Pocas veces he podido hablar de España en España con la mente abastecida de afables y apetecibles argumentos. Si pregunté no fui respondido y si se me respondió fue de tal modo abrupto que hube de reposar mi fatiga de nada en las perfecciones muertas de lo afirmado sin remedio. Oí mil veces que nuestras desgracias no han sido jamás fruto de las propias torpezas sino contrabando reseco de diabólicos enemigos y que nuestros aciertos, si alguno vale como tal, son hijos de un heroísmo que al fin acaba yerto en brazos de una gloria vieja. Crecí leyendo a media luz discursos admirables de mentes solitarias que amaban el camino peligroso y no la estancia fácil en el mesón vinatero, puerto de atraque de tribus que repelen despertar para conocer el mundo. A quienes así leí –heterodoxos que don Marcelino Menéndez y Pelayo prendía con su alfiler de entomólogo en el corcho católico de su estudio– mi homenaje. Y me hice hombre, o eso creo, bajo gobernantes que se empeñaban, cada vez que suspiraba, en meterme la cabeza bajo el ala a fin de que permaneciese en el letargo sacristán. La única versión que me dieron del orden fue a través de una ley ruda y gerundiba sostenida por la mano inmisericorde de los que administraban la represión. Libertad fue siempre para mí sumisión a poderosos avaros, y democracia, un catecismo repleto de infierno. Me invitaron de codillo a participar en todo, pero mi voz, decían, siempre destruía la quietud de los durmientes para convertirla, al parecer, en una sugestión de sangre.

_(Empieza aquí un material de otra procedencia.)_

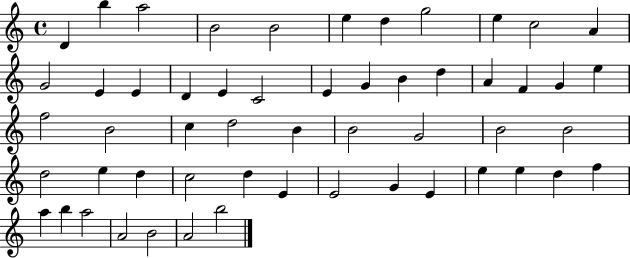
D4/q B5/q A5/h B4/h B4/h E5/q D5/q G5/h E5/q C5/h A4/q G4/h E4/q E4/q D4/q E4/q C4/h E4/q G4/q B4/q D5/q A4/q F4/q G4/q E5/q F5/h B4/h C5/q D5/h B4/q B4/h G4/h B4/h B4/h D5/h E5/q D5/q C5/h D5/q E4/q E4/h G4/q E4/q E5/q E5/q D5/q F5/q A5/q B5/q A5/h A4/h B4/h A4/h B5/h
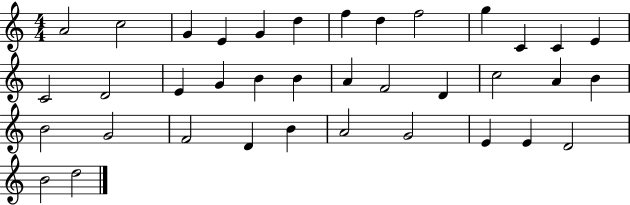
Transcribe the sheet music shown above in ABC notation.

X:1
T:Untitled
M:4/4
L:1/4
K:C
A2 c2 G E G d f d f2 g C C E C2 D2 E G B B A F2 D c2 A B B2 G2 F2 D B A2 G2 E E D2 B2 d2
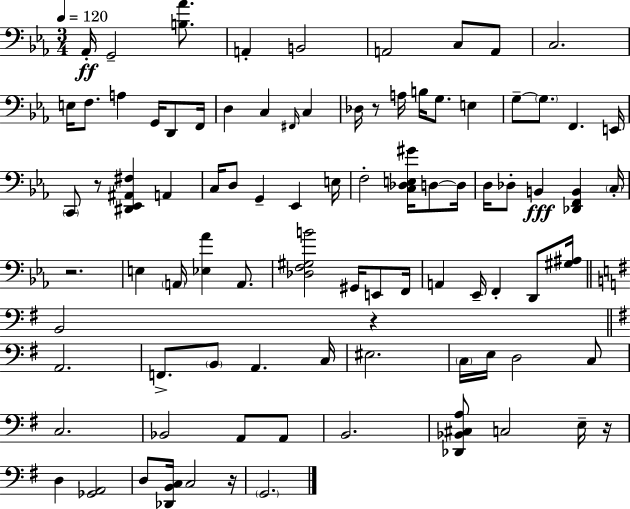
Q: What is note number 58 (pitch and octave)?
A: EIS3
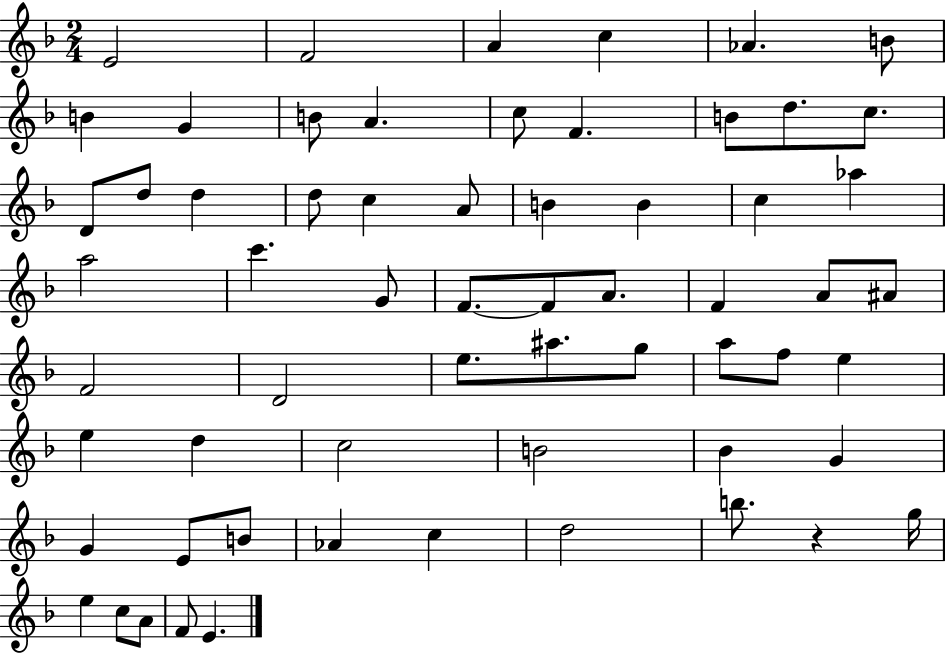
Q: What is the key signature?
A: F major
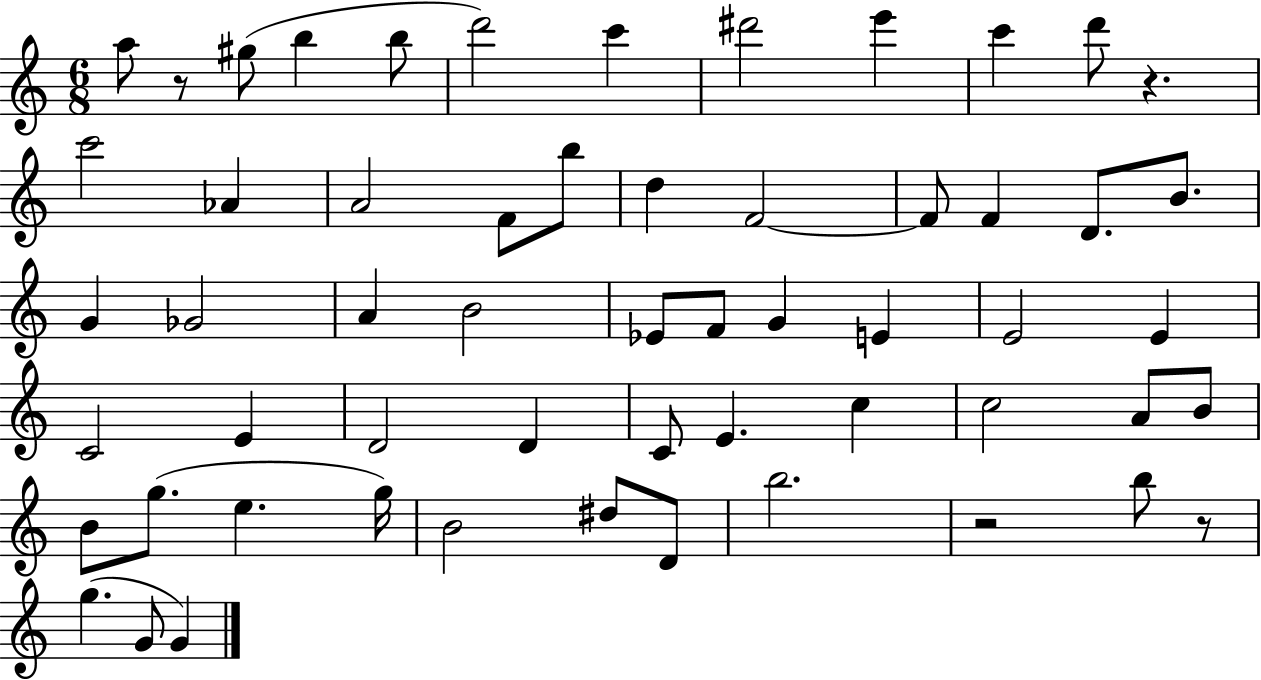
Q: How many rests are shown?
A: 4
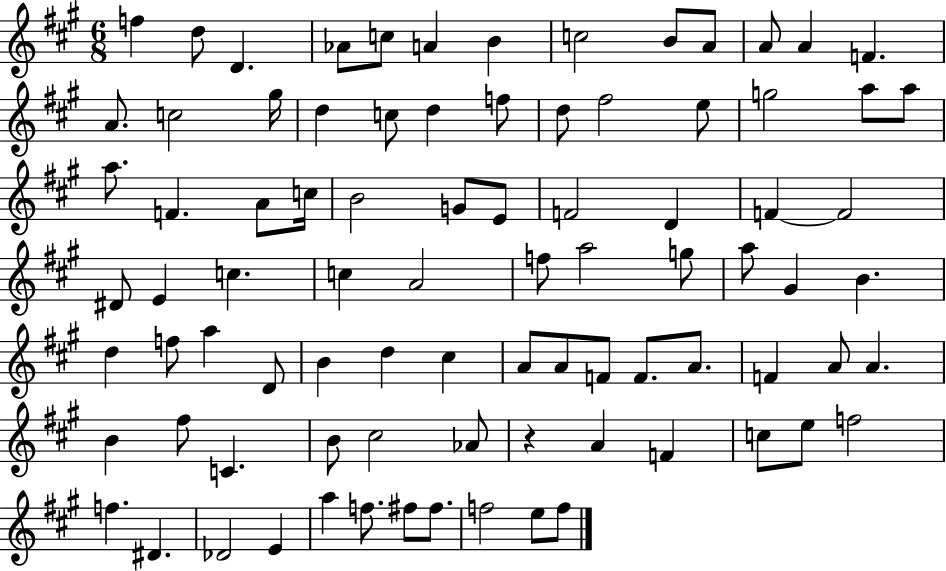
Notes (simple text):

F5/q D5/e D4/q. Ab4/e C5/e A4/q B4/q C5/h B4/e A4/e A4/e A4/q F4/q. A4/e. C5/h G#5/s D5/q C5/e D5/q F5/e D5/e F#5/h E5/e G5/h A5/e A5/e A5/e. F4/q. A4/e C5/s B4/h G4/e E4/e F4/h D4/q F4/q F4/h D#4/e E4/q C5/q. C5/q A4/h F5/e A5/h G5/e A5/e G#4/q B4/q. D5/q F5/e A5/q D4/e B4/q D5/q C#5/q A4/e A4/e F4/e F4/e. A4/e. F4/q A4/e A4/q. B4/q F#5/e C4/q. B4/e C#5/h Ab4/e R/q A4/q F4/q C5/e E5/e F5/h F5/q. D#4/q. Db4/h E4/q A5/q F5/e. F#5/e F#5/e. F5/h E5/e F5/e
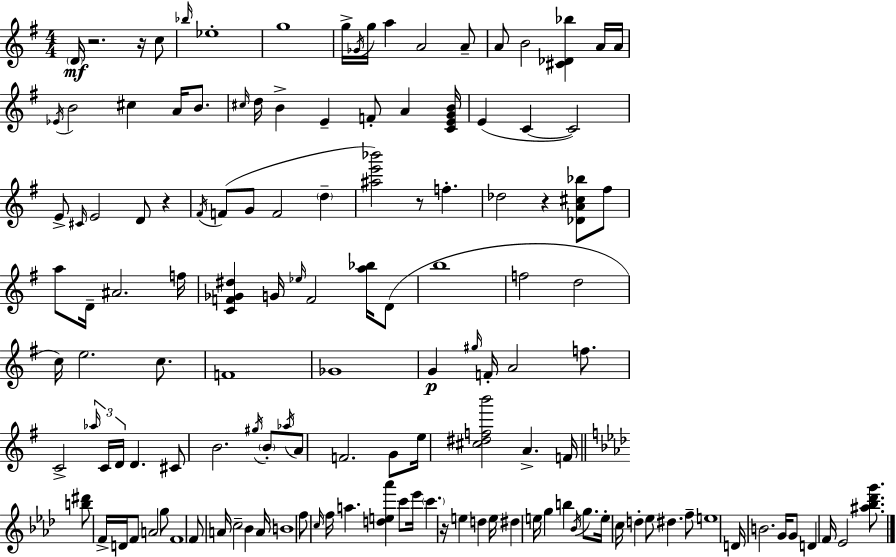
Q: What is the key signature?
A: E minor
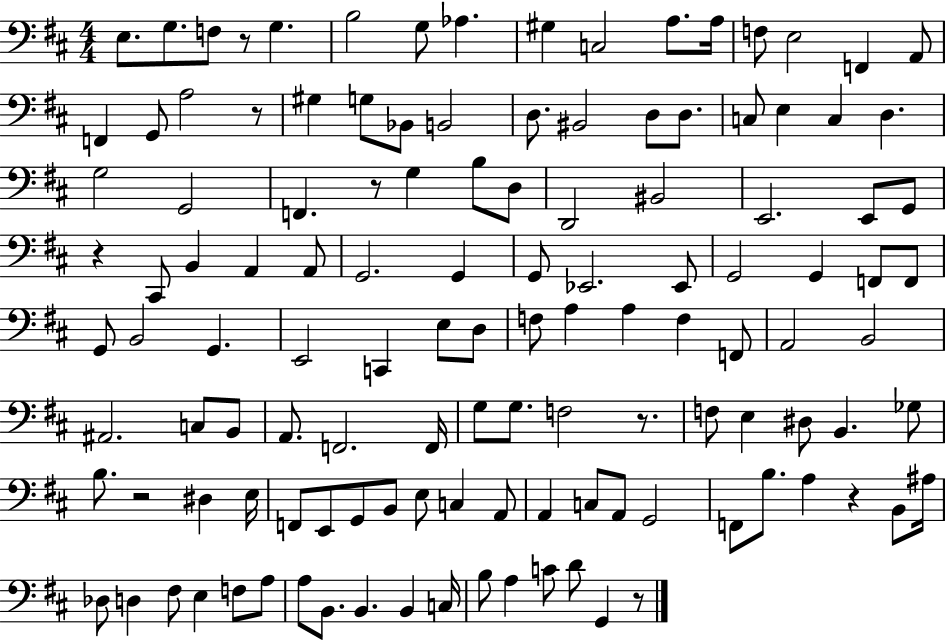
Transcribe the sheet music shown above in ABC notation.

X:1
T:Untitled
M:4/4
L:1/4
K:D
E,/2 G,/2 F,/2 z/2 G, B,2 G,/2 _A, ^G, C,2 A,/2 A,/4 F,/2 E,2 F,, A,,/2 F,, G,,/2 A,2 z/2 ^G, G,/2 _B,,/2 B,,2 D,/2 ^B,,2 D,/2 D,/2 C,/2 E, C, D, G,2 G,,2 F,, z/2 G, B,/2 D,/2 D,,2 ^B,,2 E,,2 E,,/2 G,,/2 z ^C,,/2 B,, A,, A,,/2 G,,2 G,, G,,/2 _E,,2 _E,,/2 G,,2 G,, F,,/2 F,,/2 G,,/2 B,,2 G,, E,,2 C,, E,/2 D,/2 F,/2 A, A, F, F,,/2 A,,2 B,,2 ^A,,2 C,/2 B,,/2 A,,/2 F,,2 F,,/4 G,/2 G,/2 F,2 z/2 F,/2 E, ^D,/2 B,, _G,/2 B,/2 z2 ^D, E,/4 F,,/2 E,,/2 G,,/2 B,,/2 E,/2 C, A,,/2 A,, C,/2 A,,/2 G,,2 F,,/2 B,/2 A, z B,,/2 ^A,/4 _D,/2 D, ^F,/2 E, F,/2 A,/2 A,/2 B,,/2 B,, B,, C,/4 B,/2 A, C/2 D/2 G,, z/2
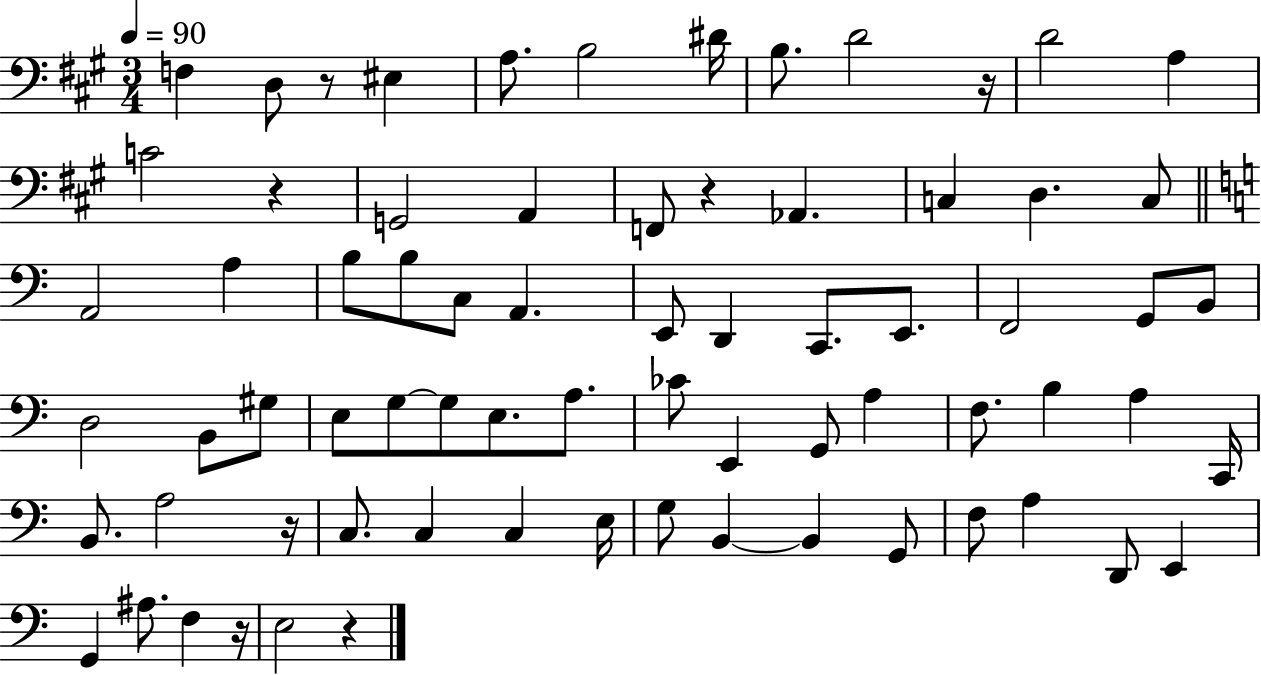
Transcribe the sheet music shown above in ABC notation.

X:1
T:Untitled
M:3/4
L:1/4
K:A
F, D,/2 z/2 ^E, A,/2 B,2 ^D/4 B,/2 D2 z/4 D2 A, C2 z G,,2 A,, F,,/2 z _A,, C, D, C,/2 A,,2 A, B,/2 B,/2 C,/2 A,, E,,/2 D,, C,,/2 E,,/2 F,,2 G,,/2 B,,/2 D,2 B,,/2 ^G,/2 E,/2 G,/2 G,/2 E,/2 A,/2 _C/2 E,, G,,/2 A, F,/2 B, A, C,,/4 B,,/2 A,2 z/4 C,/2 C, C, E,/4 G,/2 B,, B,, G,,/2 F,/2 A, D,,/2 E,, G,, ^A,/2 F, z/4 E,2 z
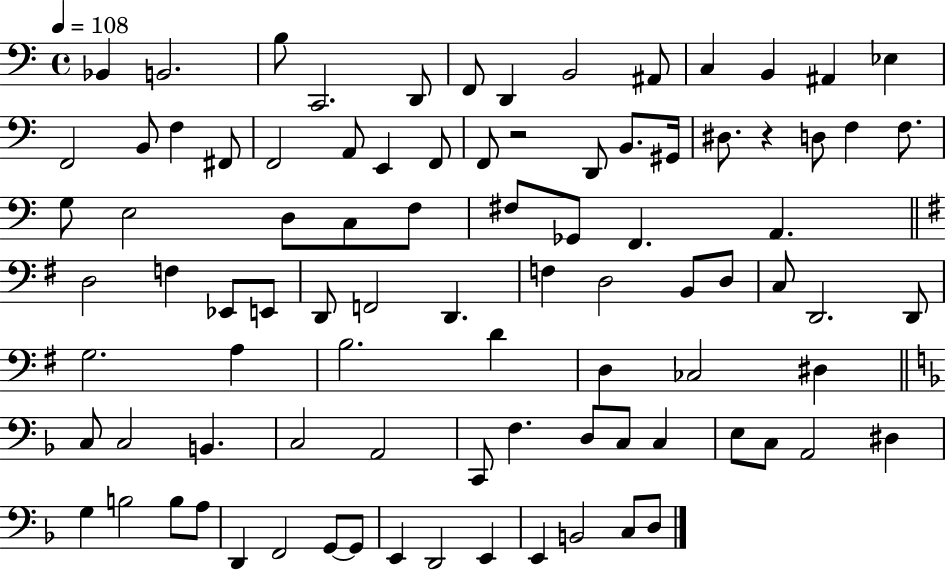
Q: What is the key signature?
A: C major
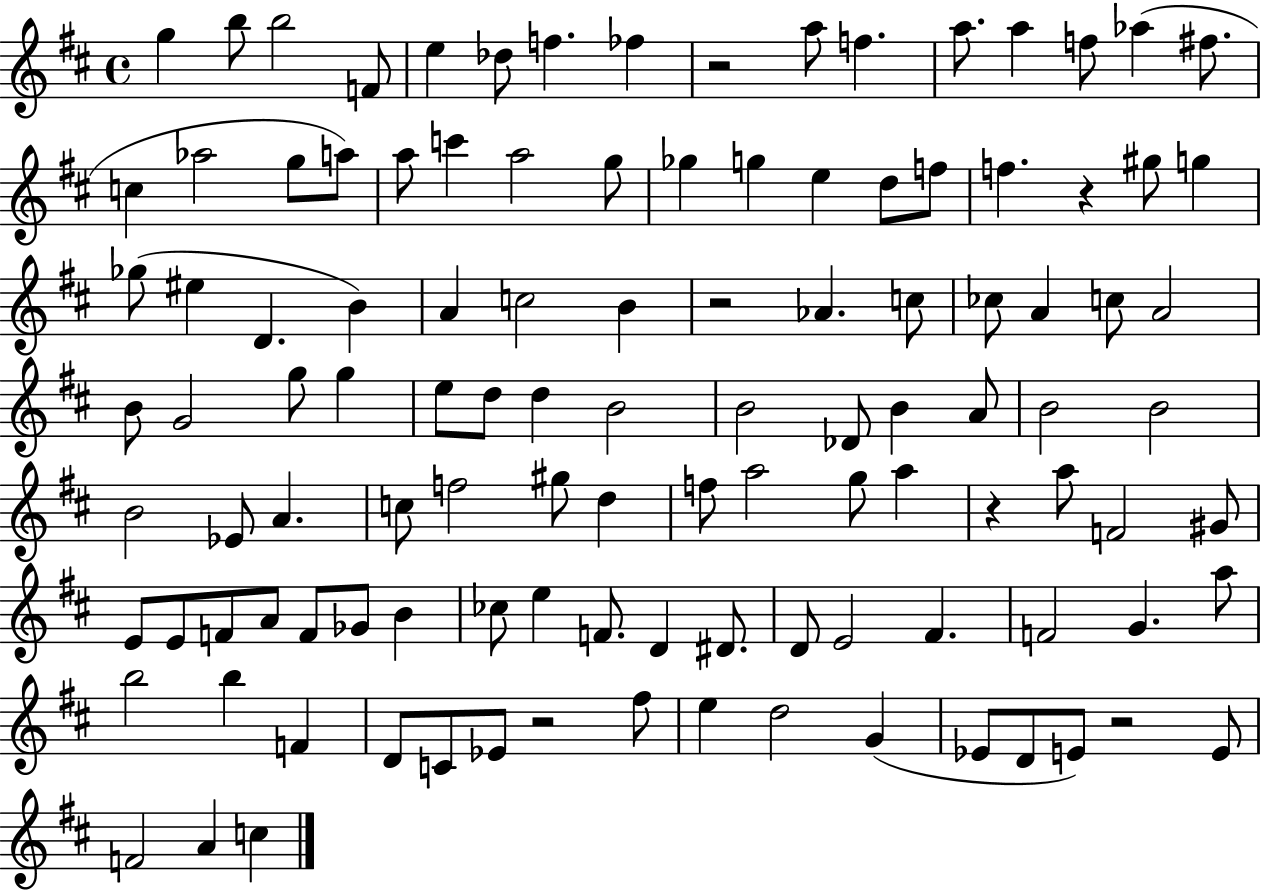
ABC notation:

X:1
T:Untitled
M:4/4
L:1/4
K:D
g b/2 b2 F/2 e _d/2 f _f z2 a/2 f a/2 a f/2 _a ^f/2 c _a2 g/2 a/2 a/2 c' a2 g/2 _g g e d/2 f/2 f z ^g/2 g _g/2 ^e D B A c2 B z2 _A c/2 _c/2 A c/2 A2 B/2 G2 g/2 g e/2 d/2 d B2 B2 _D/2 B A/2 B2 B2 B2 _E/2 A c/2 f2 ^g/2 d f/2 a2 g/2 a z a/2 F2 ^G/2 E/2 E/2 F/2 A/2 F/2 _G/2 B _c/2 e F/2 D ^D/2 D/2 E2 ^F F2 G a/2 b2 b F D/2 C/2 _E/2 z2 ^f/2 e d2 G _E/2 D/2 E/2 z2 E/2 F2 A c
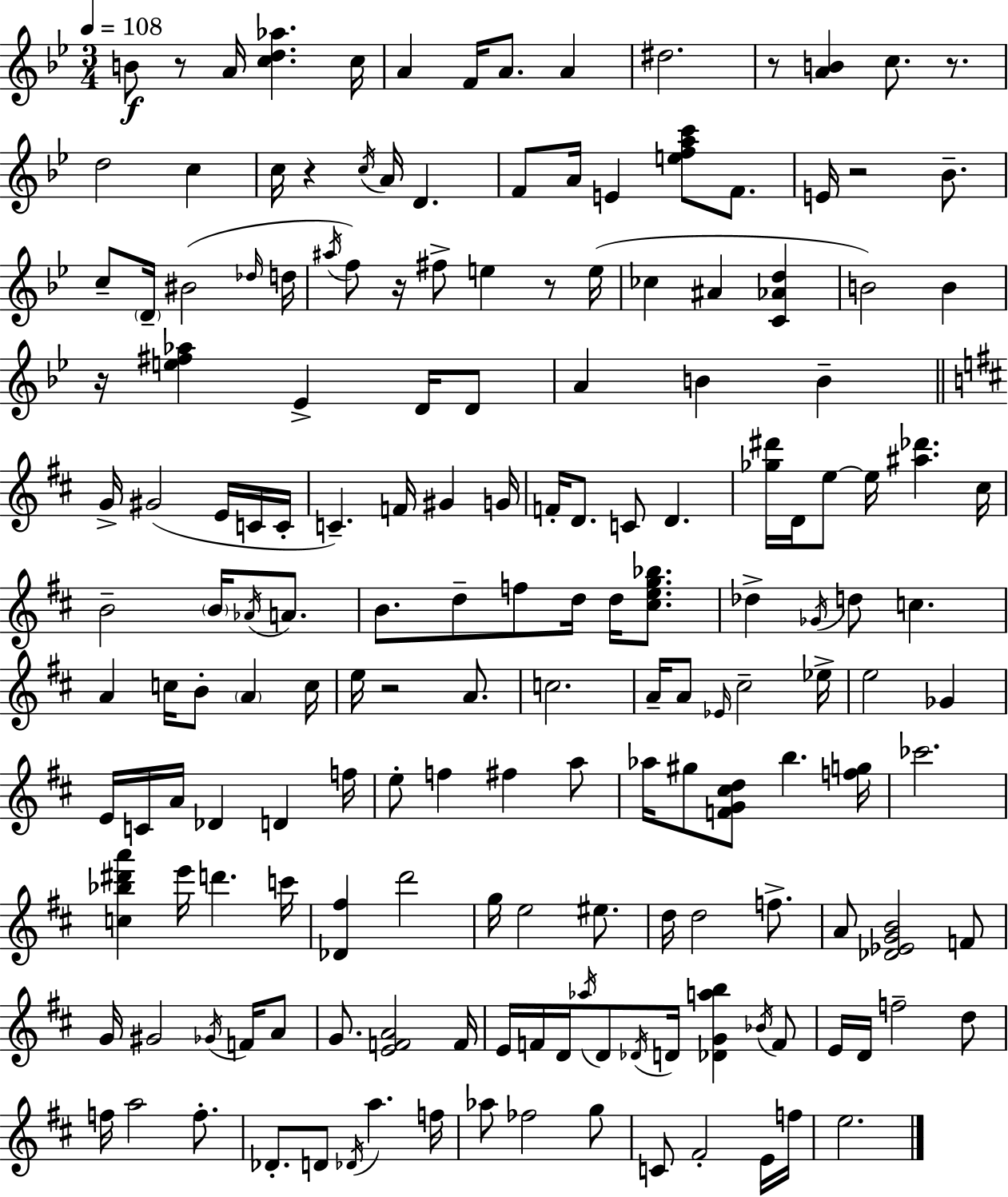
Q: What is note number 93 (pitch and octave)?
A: E5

Siempre viví bajo la espada de caudillos toscos que garantizaban la propiedad inmóvil en un horizonte de trigo. Hube de callar cien veces y así ocurrió que cada vez que explicaba la justicia me quitaban el pan y cada vez que me daban pan me arrebataban la justicia. Nunca pude tener las dos cosas al mismo tiempo sin despertar mil sospechas. El buen sentido era obediencia y la búsqueda de otra historia constituía el crimen. Mi paisaje estaba poblado de monumentos con soldados a caballo que regresaban de alguna triunfal derrota. Y mis horas se han ido en espera de la libertad que me han robado reyes prevaricadores. Junto a mi oreja siempre escuché que la filosofía destruía el alma y que el pensamiento era una masturbación. De vez en cuando me asomaba al amanecer luminoso y España seguía dormida. La revolución a la que entregué mi ansia se quedó, vez tras vez, en revuelta de valientes y en muertos enterrados sin memoria. Pretendí la ciencia, pero siempre constituyó un ejercicio desesperado y culpable. Soy español, pero me declaro inocente.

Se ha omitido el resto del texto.